• Data shown
════════

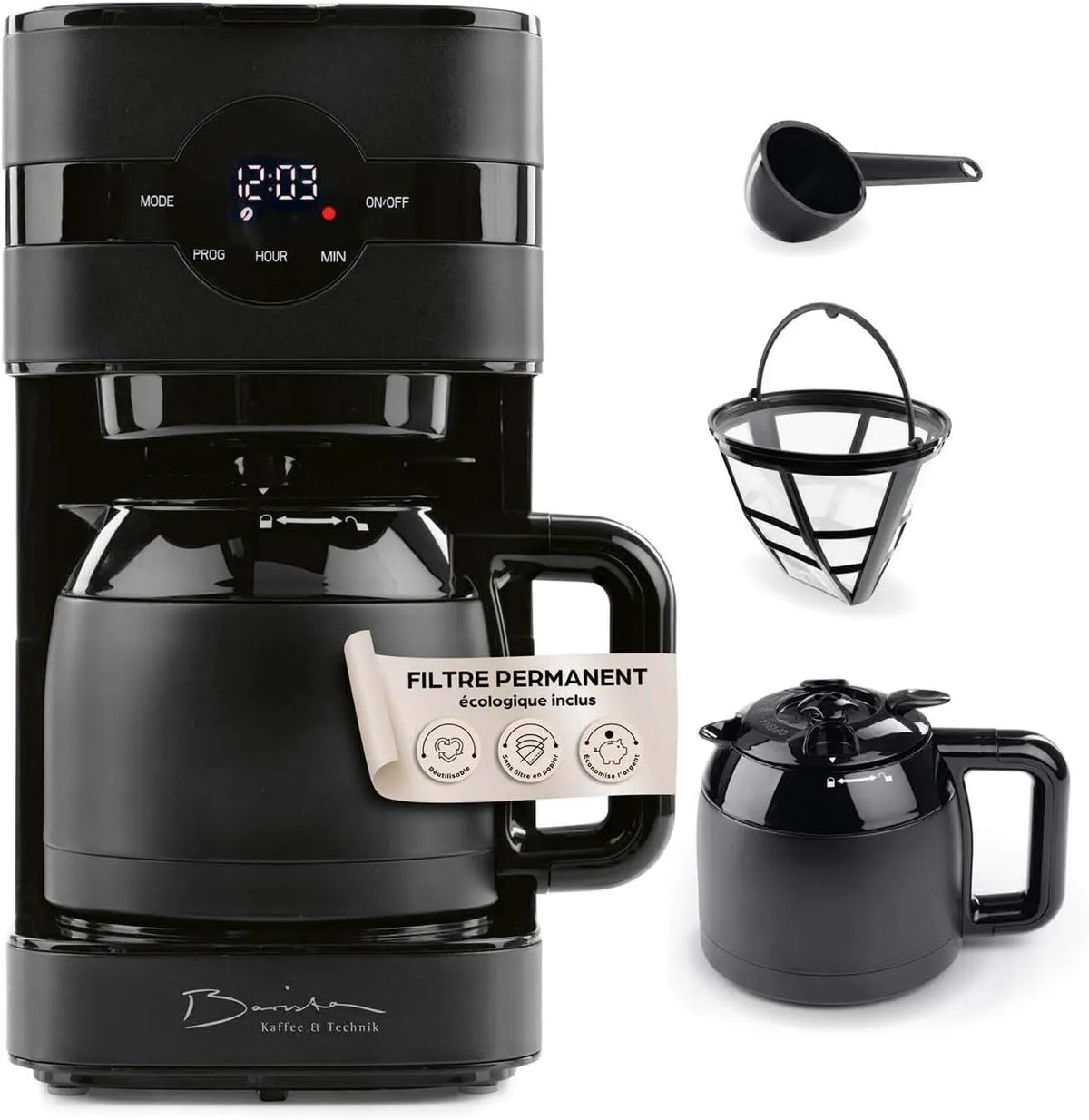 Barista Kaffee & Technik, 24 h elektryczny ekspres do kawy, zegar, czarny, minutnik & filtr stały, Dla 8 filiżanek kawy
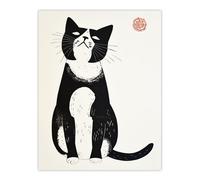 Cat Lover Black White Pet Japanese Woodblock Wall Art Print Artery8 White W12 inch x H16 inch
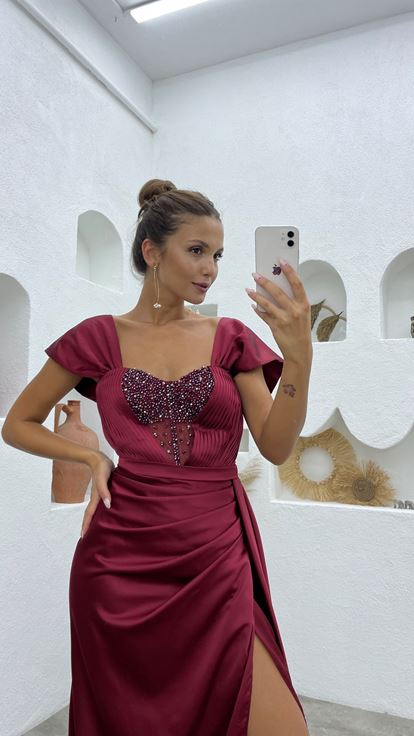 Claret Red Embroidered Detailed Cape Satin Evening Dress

════════

• What needs to be done
Word for word, reproduce the material above and omit each image.

• Task result
 Barista Kaffee & Technik, 24 h elektryczny ekspres do kawy, zegar, czarny, minutnik & filtr stały, Dla 8 filiżanek kawy
 Cat Lover Black White Pet Japanese Woodblock Wall Art Print Artery8 White W12 inch x H16 inch
 Claret Red Embroidered Detailed Cape Satin Evening Dress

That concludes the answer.